Those lines of the records that contain "have" are to be located and copied.

___ SOURCE DATA ___

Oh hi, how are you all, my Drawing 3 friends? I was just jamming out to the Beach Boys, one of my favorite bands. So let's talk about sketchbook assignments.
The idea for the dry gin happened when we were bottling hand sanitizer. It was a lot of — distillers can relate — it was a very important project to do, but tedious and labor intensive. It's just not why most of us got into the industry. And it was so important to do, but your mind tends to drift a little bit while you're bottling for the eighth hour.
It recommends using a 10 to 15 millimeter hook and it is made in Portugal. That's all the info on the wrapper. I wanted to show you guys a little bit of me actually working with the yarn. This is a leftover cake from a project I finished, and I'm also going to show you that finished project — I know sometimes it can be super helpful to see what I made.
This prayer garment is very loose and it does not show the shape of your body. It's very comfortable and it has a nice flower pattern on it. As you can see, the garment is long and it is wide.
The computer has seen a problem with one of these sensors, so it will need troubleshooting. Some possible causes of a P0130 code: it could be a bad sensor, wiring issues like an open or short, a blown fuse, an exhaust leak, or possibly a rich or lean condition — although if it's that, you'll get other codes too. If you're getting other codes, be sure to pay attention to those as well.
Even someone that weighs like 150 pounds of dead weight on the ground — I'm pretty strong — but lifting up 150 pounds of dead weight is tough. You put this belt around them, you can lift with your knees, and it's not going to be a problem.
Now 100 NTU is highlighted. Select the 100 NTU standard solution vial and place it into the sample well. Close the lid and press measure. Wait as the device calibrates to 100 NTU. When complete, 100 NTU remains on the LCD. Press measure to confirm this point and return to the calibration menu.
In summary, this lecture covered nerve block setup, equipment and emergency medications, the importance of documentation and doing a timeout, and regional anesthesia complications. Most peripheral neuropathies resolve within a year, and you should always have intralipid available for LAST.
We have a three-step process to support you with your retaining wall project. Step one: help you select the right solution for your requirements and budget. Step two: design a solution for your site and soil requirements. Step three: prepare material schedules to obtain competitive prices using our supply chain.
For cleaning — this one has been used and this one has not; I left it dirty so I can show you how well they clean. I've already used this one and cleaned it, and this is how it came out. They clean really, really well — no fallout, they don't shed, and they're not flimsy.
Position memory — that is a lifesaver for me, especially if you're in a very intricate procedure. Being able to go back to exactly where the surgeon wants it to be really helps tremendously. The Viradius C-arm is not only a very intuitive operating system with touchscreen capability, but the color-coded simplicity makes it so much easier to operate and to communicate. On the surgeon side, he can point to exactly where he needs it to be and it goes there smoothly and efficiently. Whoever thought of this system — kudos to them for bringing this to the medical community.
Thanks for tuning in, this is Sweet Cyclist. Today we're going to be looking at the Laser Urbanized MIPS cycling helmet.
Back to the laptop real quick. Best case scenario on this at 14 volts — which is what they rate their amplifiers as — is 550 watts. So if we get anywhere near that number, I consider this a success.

___

TASK OUTPUT
In summary, this lecture covered nerve block setup, equipment and emergency medications, the importance of documentation and doing a timeout, and regional anesthesia complications. Most peripheral neuropathies resolve within a year, and you should always have intralipid available for LAST.
We have a three-step process to support you with your retaining wall project. Step one: help you select the right solution for your requirements and budget. Step two: design a solution for your site and soil requirements. Step three: prepare material schedules to obtain competitive prices using our supply chain.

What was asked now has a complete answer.